• _WHAT IS EXPECTED_
Retype the data exactly, skipping any picture in it.
** PROVIDED DATA follows **
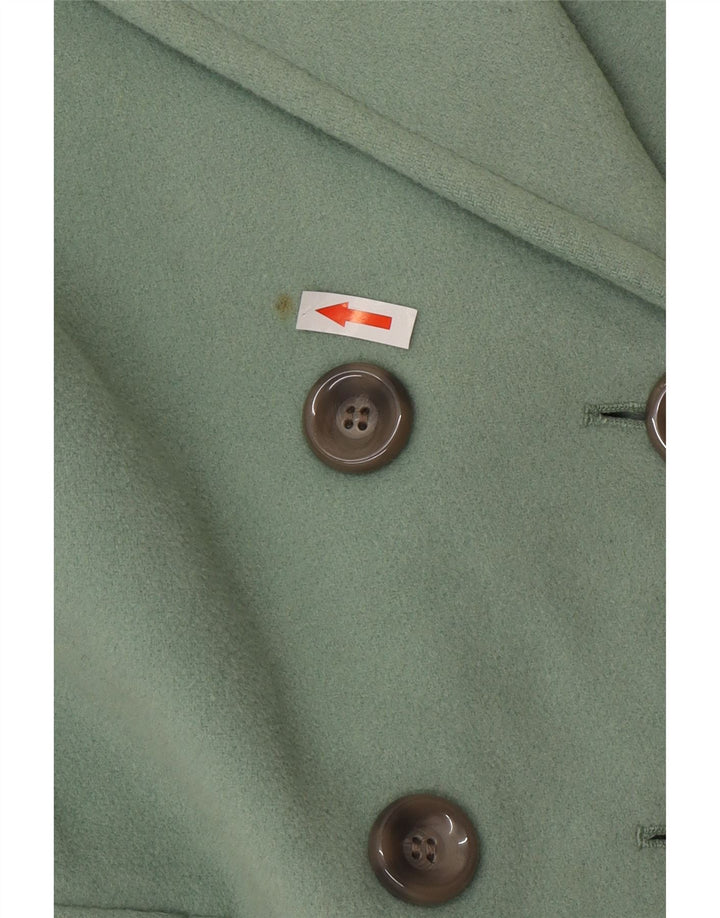 Cappotto doppiopetto da donna Marks & Spencer UK 16 grande lana verde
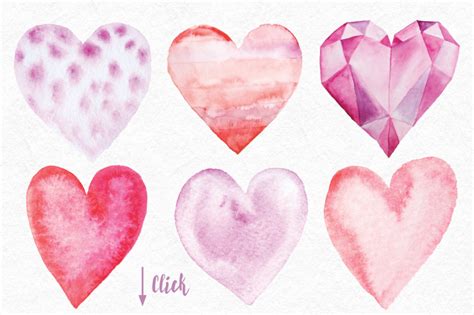 10 Watercolor Hearts Clip Art By Larysa Zabrotskaya TheHungryJPEG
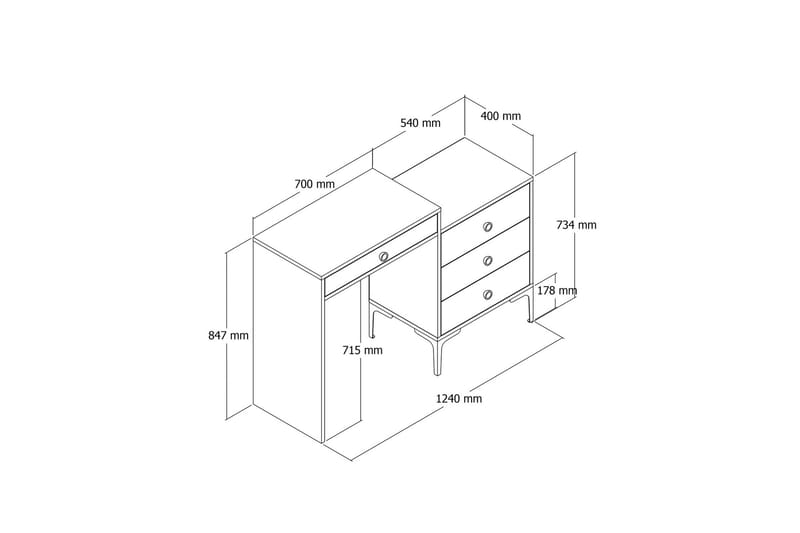 Ameias Sminkbord 124x84,7 cm Brun/Svart - Hanah Home - Sminkbord & toalettbord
** End of PROVIDED DATA **
• _RESPONSE TO THIS TASK_
 Cappotto doppiopetto da donna Marks & Spencer UK 16 grande lana verde
 10 Watercolor Hearts Clip Art By Larysa Zabrotskaya TheHungryJPEG
 Ameias Sminkbord 124x84,7 cm Brun/Svart - Hanah Home - Sminkbord & toalettbord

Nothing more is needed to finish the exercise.